Überhaupt sind die Sichtachsen, vom Kohlmarkt auf das Michaelertor etwa, das, was die Architekten und Kunsthistoriker besonders in Gefahr sehen. Auf das sei natürlich eingegangen worden, sagt Kobermaier. „Es gab viele Ideen: Die Bäume weiter hinaus, weiter hinein, symmetrisch vor der Hofburg aufstellen?“ Die nun geplante asymmetrische Baumgruppe in der Mitte des Platzes sei so angeordnet, dass man sie weiter hinten auf dem Kohlmarkt stehend „praktisch nicht sehen“ werde, auch weiter vorn werde die Sicht auf das Michaelertor nicht gestört.

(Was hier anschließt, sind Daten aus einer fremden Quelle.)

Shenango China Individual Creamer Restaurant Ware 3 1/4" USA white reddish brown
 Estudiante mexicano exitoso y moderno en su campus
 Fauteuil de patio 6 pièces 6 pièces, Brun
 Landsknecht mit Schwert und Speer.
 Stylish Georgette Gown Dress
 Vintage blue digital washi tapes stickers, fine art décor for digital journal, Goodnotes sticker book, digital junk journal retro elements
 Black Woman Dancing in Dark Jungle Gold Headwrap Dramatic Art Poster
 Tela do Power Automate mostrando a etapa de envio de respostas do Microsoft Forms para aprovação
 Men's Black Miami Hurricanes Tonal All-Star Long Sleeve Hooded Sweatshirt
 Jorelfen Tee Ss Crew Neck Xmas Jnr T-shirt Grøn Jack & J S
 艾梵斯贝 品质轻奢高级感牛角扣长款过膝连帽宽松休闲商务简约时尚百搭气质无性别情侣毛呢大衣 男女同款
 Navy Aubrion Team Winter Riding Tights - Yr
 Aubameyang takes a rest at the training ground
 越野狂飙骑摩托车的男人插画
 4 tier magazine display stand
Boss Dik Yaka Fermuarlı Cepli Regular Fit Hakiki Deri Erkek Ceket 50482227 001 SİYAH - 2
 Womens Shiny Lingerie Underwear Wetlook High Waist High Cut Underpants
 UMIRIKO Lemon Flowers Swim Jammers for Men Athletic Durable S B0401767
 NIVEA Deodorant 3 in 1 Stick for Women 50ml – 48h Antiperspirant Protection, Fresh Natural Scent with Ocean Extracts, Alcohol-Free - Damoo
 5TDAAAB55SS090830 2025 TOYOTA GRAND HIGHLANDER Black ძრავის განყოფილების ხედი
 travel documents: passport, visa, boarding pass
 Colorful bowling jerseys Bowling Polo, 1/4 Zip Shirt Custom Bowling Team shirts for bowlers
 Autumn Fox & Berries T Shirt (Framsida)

Die Kirche sei trotz der dort geplanten Baumgruppe ebenfalls noch gut sichtbar, vor der Hofburg sind nun Gräserbeete statt Bäumen geplant, die optisch unauffällig seien. „Es wird so getan, als würde der Platz verschandelt werden. Das stimmt nicht, das wurde alles sehr genau und sehr behutsam überlegt und mit dem Bundesdenkmalamt abgestimmt.“

Letzteres meldete sich am Montag ebenfalls mit einer Aussendung zu dem Thema: „Das Bundesdenkmalamt hat im Zuge der Projektwerdung fachliche Bedenken gegen eine Beeinträchtigung der Sichtachsen vorgebracht, die hinsichtlich der Zahl und der Platzierung der von der Stadt Wien geplanten Bäume berücksichtigt wurden.“

Vor dem Looshaus hingegen habe man sich bewusst gegen Bäume – stattdessen für ein nur im eingeschalteten Zustand sichtbares Wasserspiel – entschieden. Zur Kühlung seien Wasserelemente wichtig, so Kobermaier. „Wir planen eben für alle Menschen, nicht nur für das optische Erscheinungsbild, das sich manche Professoren wünschen.“

In eine ähnliche Kerbe schlägt Bezirkschef Markus Figl (ÖVP). „Der Platz ist natürlich ein Ensemble, in dem sich die Geschichte widerspiegelt. Auf die räumliche Wirkung ist zu achten, aber es ist immer ein Kompromiss. Es gab den ganz intensiven Wunsch der Bevölkerung nach Bäumen, Beschattung und einem besseren Mikroklima.“

Die angesprochenen Themen der Kritiker hätten durchaus Relevanz, so Figl gegenüber der „Presse“: „Ich finde es gut, wenn es eine öffentliche Diskussion gibt, gerade über Dinge, die man oft wenig berücksichtigt, wie die Raumwirkung.“ Verwundert zeigte er sich lediglich ob des Zeitpunkts der geäußerten Kritik. „Ich würde mir manchmal wünschen, dass man das rechtzeitig tut.“ Schließlich habe man die Pläne vergangenen Juni vorgestellt, dem sei ein intensiver und ungewöhnlich langer Planungsprozess vorausgegangen. Denkmalschutz oder Klimaschutz, für Figl schließe sich beides jedenfalls nicht aus.

Plan für City in Arbeit

Wie Umgestaltungen und klimafitte Anpassungen in Zukunft gelingen können, ohne dass das historische Ambiente zerstört wird, dieser Frage will sich künftig auch die MA 19 noch intensiver widmen. Ab Sommer wird ein Bezirksentwicklungsplan für die Innere Stadt erarbeitet.